• _Instructions for the task_
All entries below are to be returned exactly, with pictures left out.

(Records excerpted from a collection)
━━━━━━
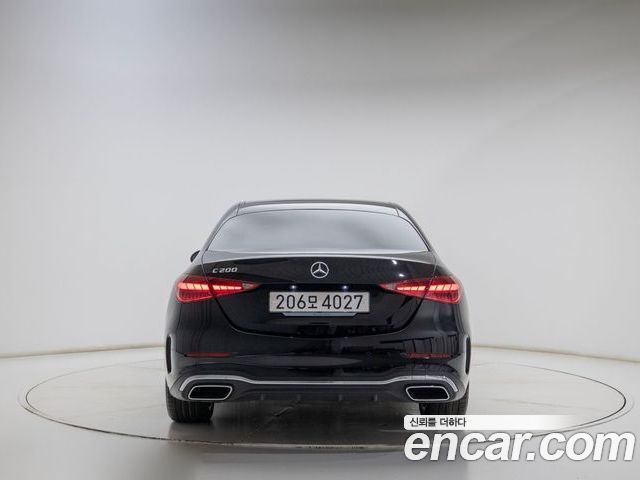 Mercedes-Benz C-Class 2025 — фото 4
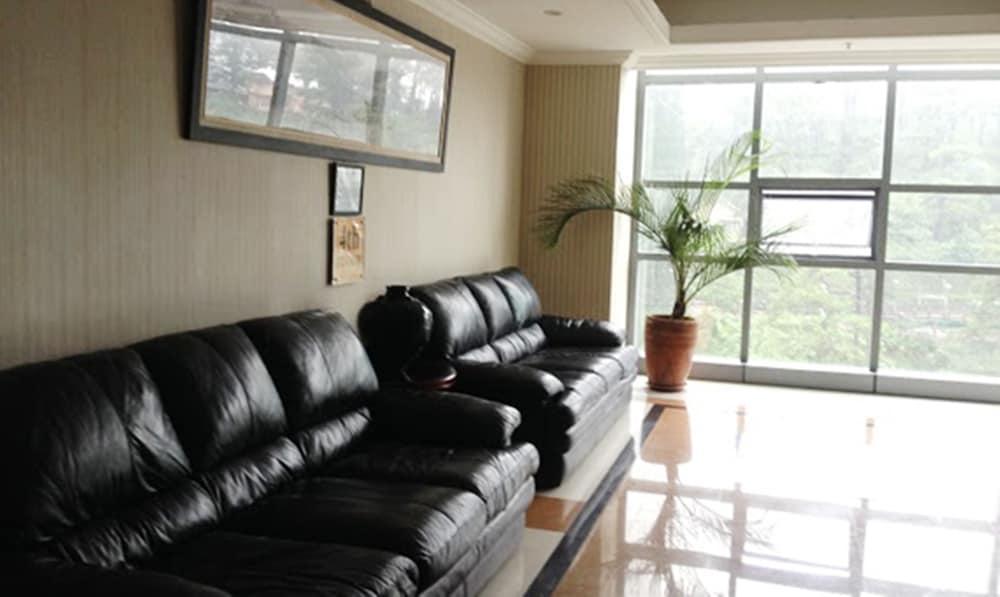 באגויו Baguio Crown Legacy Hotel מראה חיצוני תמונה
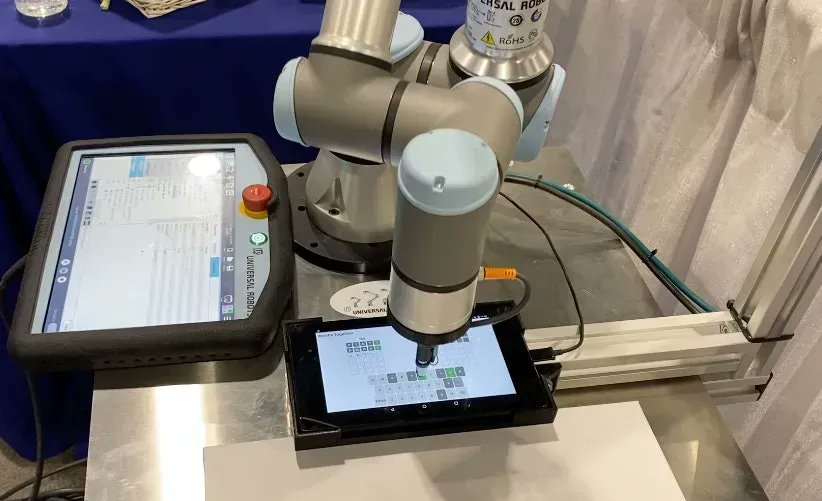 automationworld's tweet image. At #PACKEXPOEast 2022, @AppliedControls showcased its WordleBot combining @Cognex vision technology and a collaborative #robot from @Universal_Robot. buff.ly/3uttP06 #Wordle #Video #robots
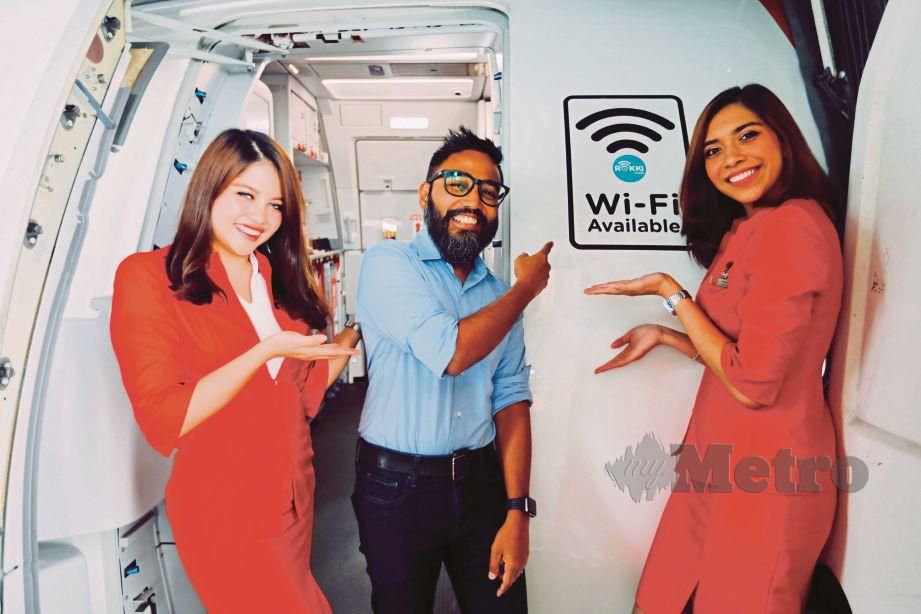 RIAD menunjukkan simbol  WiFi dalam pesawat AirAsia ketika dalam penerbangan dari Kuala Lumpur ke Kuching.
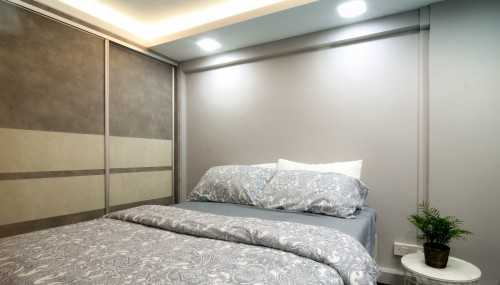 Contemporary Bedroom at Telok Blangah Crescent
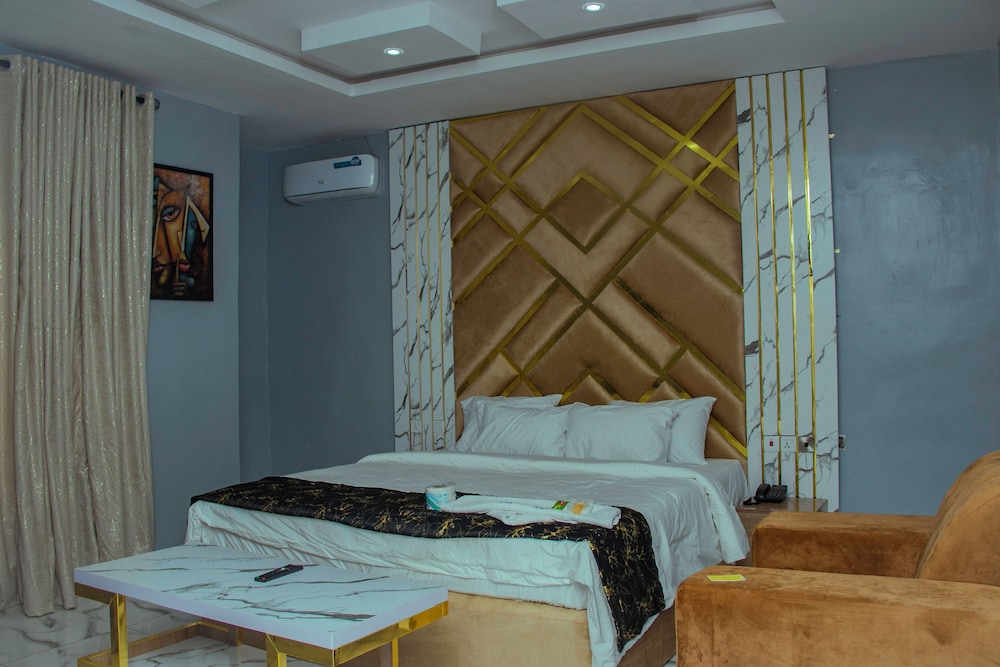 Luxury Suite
━━━━━━
• _Exercise solution_
 Mercedes-Benz C-Class 2025 — фото 4
 באגויו Baguio Crown Legacy Hotel מראה חיצוני תמונה
 automationworld's tweet image. At #PACKEXPOEast 2022, @AppliedControls showcased its WordleBot combining @Cognex vision technology and a collaborative #robot from @Universal_Robot. buff.ly/3uttP06 #Wordle #Video #robots
 RIAD menunjukkan simbol  WiFi dalam pesawat AirAsia ketika dalam penerbangan dari Kuala Lumpur ke Kuching.
 Contemporary Bedroom at Telok Blangah Crescent
 Luxury Suite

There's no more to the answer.